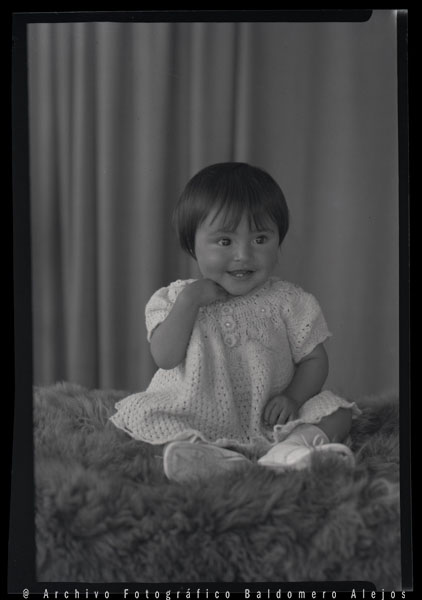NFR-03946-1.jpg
...
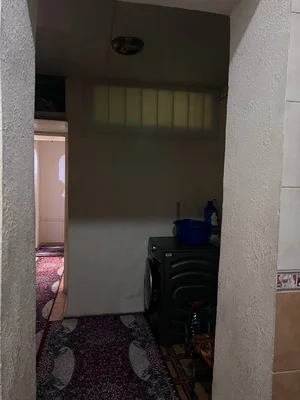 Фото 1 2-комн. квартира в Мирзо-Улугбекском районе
---
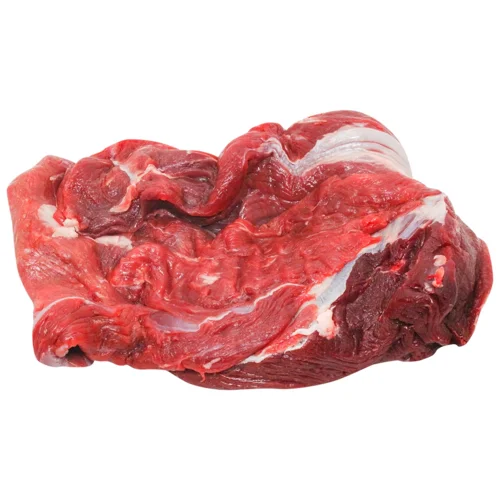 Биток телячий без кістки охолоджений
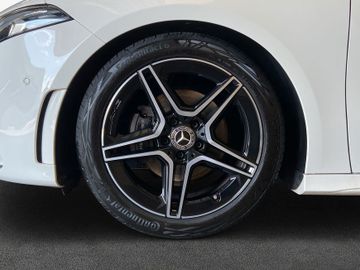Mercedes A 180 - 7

» **WORK TO BE COMPLETED**
Skipping the pictures, print the lines in the listing above exactly as written, starting at the line with "Биток телячий без кістки охолоджений" and ending at the line with "Mercedes A 180 - 7", both included.

» **YOUR SOLUTION**
 Биток телячий без кістки охолоджений
Mercedes A 180 - 7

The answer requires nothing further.